Hamas leaders reportedly communicating using handwritten notes carried by runners

Terror group said to have employed aging landline phone network since 2009 to keep conversations hidden from Israeli eavesdropping, but war damage forced even lower-tech methods

Gianluca Pacchiani is the Arab affairs reporter for The Times of Israel

In this picture taken during a media tour organized by the Israeli military on December 15, 2023, soldiers visit a tunnel that Hamas reportedly used to attack Israel through the Erez border crossing on October 7. (Jack Guez/AFP)
In this picture taken during a media tour organized by the Israeli military on December 15, 2023, soldiers visit a tunnel that Hamas reportedly used to attack Israel through the Erez border crossing on October 7. (Jack Guez/AFP)

Hamas leaders, hunkered down in subterranean bunkers in the Gaza Strip, are reportedly communicating with each other using handwritten notes carried around the war-torn territory by runners.

The memos are even enabling communication with senior officials abroad, the Saudi-owned Arabic daily Asharq Al-Awsat reported Tuesday.

The London-based outlet revealed aspects of the secret communications system used by the terror group’s chiefs to exchange messages without being detected by Israeli intelligence.

The war erupted when Hamas attacked Israel on October 7, 2023, killing some 1,200 people and abducting 253 as hostages.

Israel responded with a military campaign to destroy Hamas, remove it from power, and release the hostages.

Since October 7, Hamas political and military leaders inside Gaza have been sheltering inside the massive tunnel system that crisscrosses the coastal Strip’s underground. Little is known about how they liaise with each other from different parts of the enclave and make decisions, such as formulating positions in negotiations via mediators with Israel, and how they consult with top Hamas officials abroad.

Troops operating in the Gaza Strip in an undated photo released on January 23, 2024. (Israel Defense Forces)

Citing sources close to the Hamas leadership, Tuesday’s report said Hamas relied up until the outbreak of the war on a terrestrial communications network that was initially developed by engineers of its military wing in 2009 and was upgraded over the years with technology smuggled into Gaza from abroad. Switchboards were reportedly installed underground and connected to old landlines aboveground.

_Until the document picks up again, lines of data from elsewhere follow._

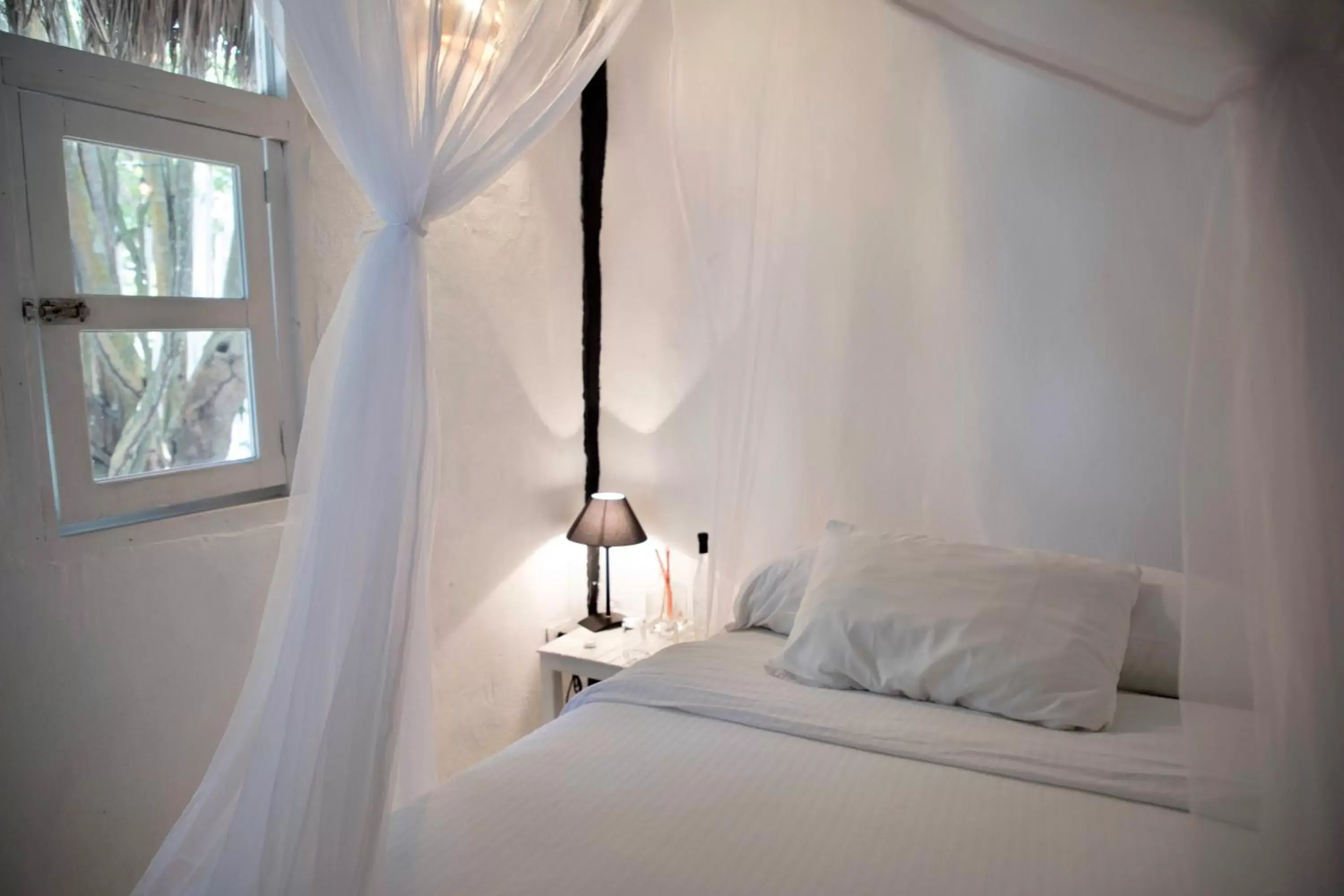 Bed, Room Photo in Coco Tulum Beach Club Hotel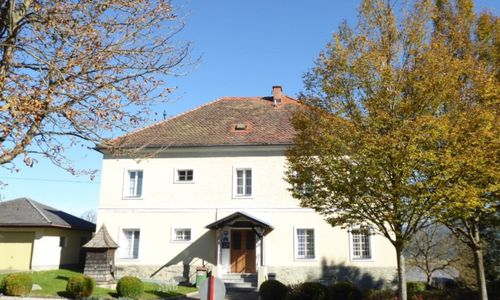 Ein weißes Haus mit einem braunen Dach und mehreren Fenstern befindet sich unter einem blauen Himmel. Vor dem Haus steht ein Baum mit gelben Blättern.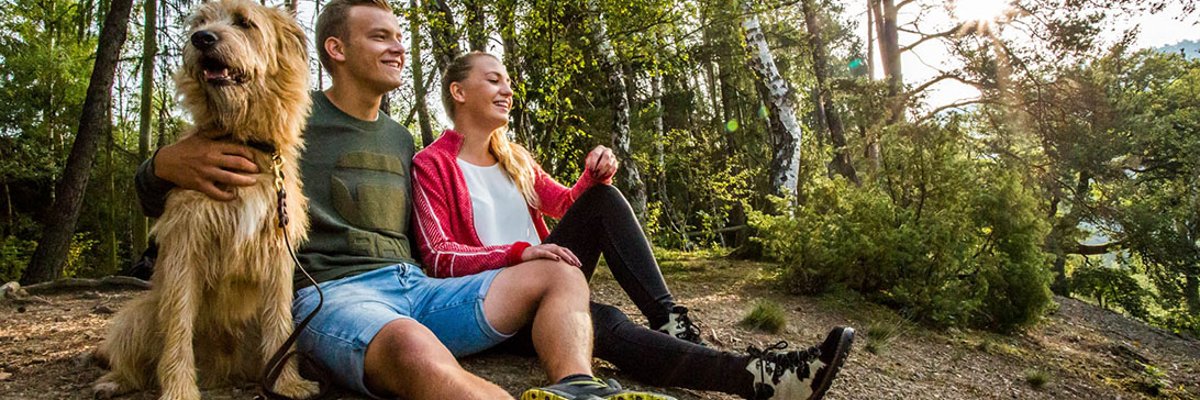 junges Ehepaar mit Hund sitzt auf kargem Waldboden mit Laubbäumen im Hintergrund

Each political and military leader had a personal contact point with a number, and networks were constantly monitored to prevent wiretapping. Maintenance was conducted every month, the sources added.

Israel was reportedly aware of the existence of the system and launched several attempts to hack it or disable it. One successful attempt was conducted in May 2018, when the IDF managed to blow up an exchange point in the central Gaza Strip and kill a group of Hamas engineers repairing a fault, the sources recounted.

The system was said to still be in place at the outbreak of the war. While some of the switchboards and tunnels in which cables ran were destroyed by Israeli forces in subsequent weeks, the sources said that the network could still enable intensive communications between Hamas leaders in November, as they deliberated a proposal for a seven-day truce with Israel and a partial release of hostages. The deal eventually went through and 105 hostages were released in exchange for three times as many Palestinian security prisoners held in Israel, and an increase in humanitarian aid to the Strip.

Hamas terrorists accompany newly released Israeli hostages before handing them over to the Red Cross in Rafah, in the southern Gaza Strip on November 28, 2023. (Said Khatib/AFP)

Some Hamas aides were reportedly tasked with looping in the group’s leadership abroad, particularly in Beirut and Doha, through the use of encryption software the terror organization had acquired from outside Gaza.

The sources added that the network was also employed to communicate with leaders of the allied Palestinian Islamic Jihad terror group, to which Hamas had previously provided dedicated contact points. The report speculated that the system was used to coordinate between the two terror groups to decide which hostages to release during the November truce, noting that in several instances members of the two groups appeared together aboveground as the abductees were handed over to the Red Cross.

The lull in fighting fell apart after a week, with Israel accusing Hamas of violating the terms. Since then, the IDF has advanced further inside Gaza, forcing Hamas leaders to resort to a more rudimentary method of communication – written messages on pieces of paper carried by Hamas members and collaborators from one location to another.

The same method is now being used to convey messages to those Gazans who liaise with the leadership abroad, the sources said. The latter, however, are not entitled to make decisions without the approval of the top leaders inside the Strip, in particular Yahya Sinwar.